We’ve been talking a fair bit on how to best apologise in our casa of late. It seems this is not the easiest thing to do for some – apologies are often shrouded in “buts” pushing the responsibility somewhat, if not totally, on to the other person. For example – “Sorry I pushed you over and where your hand once was is a now a stump squirting blood everywhere, BUT you were in my way” and the like (PS not cool).
In business particularly, this does not translate or go down well. Customer complaints must be dealt with sensitively, especially when your customer has been inconvenienced, embarrassed or offended.
The thing about an apology is that you’ve got to mean it, it’s got to be genuine and done in a way that cares for the other person. Keepin’ it simple, there are 3 critical components to an apology:
- Say You Are Sorry
- Acknowledge That It’s Your Fault
- Find out what you can do to make it right
An apology shouldn’t be a half-hearted attempt in order to move on quickly, but more it needs to be full of caring and empathy and a willingness to work through the issue further if needed.

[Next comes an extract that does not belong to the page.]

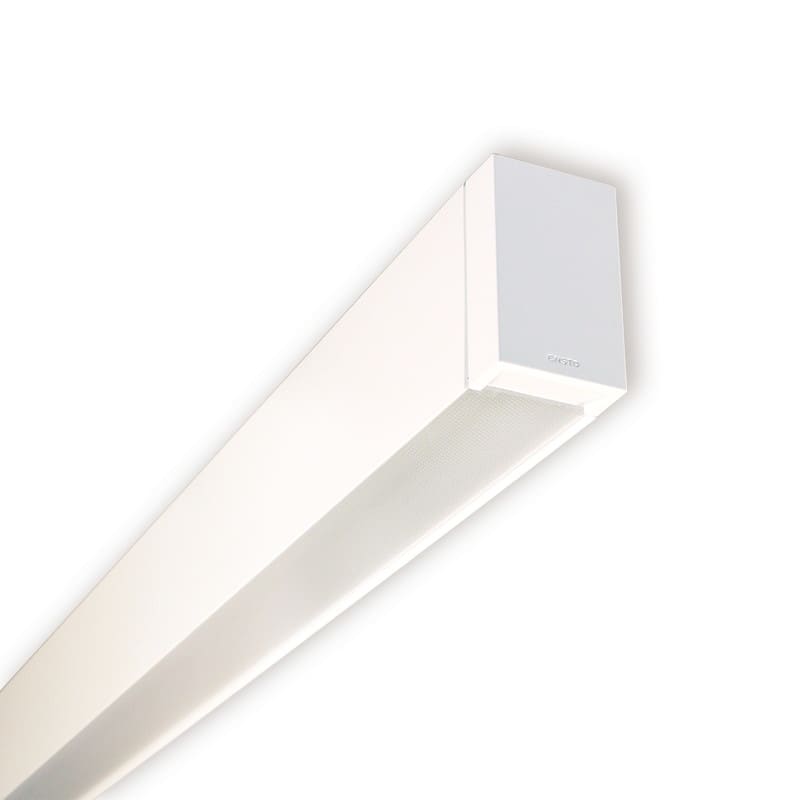 ENSTO - Ripustusvalaisin Anna - AN15MUS LED 27W/840 M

In her blog today, CEO and Community Builder, Liz Strauss shared a post by Women with Drive Founder, Molly Cantrell-Kraig, who notes:
When we apologize, we allow for expansiveness and possibility. We are taking responsibility for the action that caused someone else pain or inconvenience. Accountability for our actions leads to mindfulness, which in turn allows us to change our actions. This chain of decisions anchors independence.

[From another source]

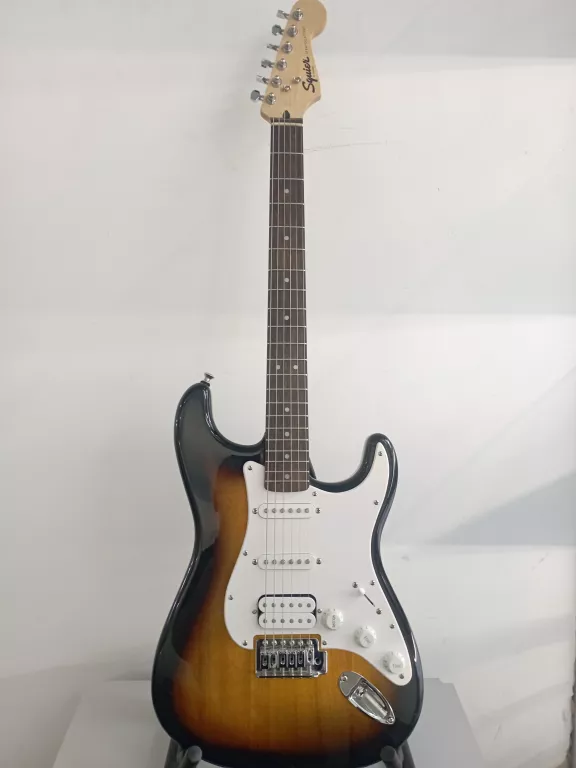 gitara-elektryczna-squier-stratocaster-made-in-indonesia-polwiejska-13-poznan-ska-x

I also came across this little ditty that I thought was very useful: Apologising means “that you value your relationship more than your ego”.
I think this is all great food for thought and shows, with a little TLC, sorry does not need to be the hardest word.
“Apology is a lovely perfume; it can transform the clumsiest moment into a gracious gift.” Margaret Lee Runbeck (again by @mckra1g via @lizstrauss)
On that note I wish you a happy and productive week.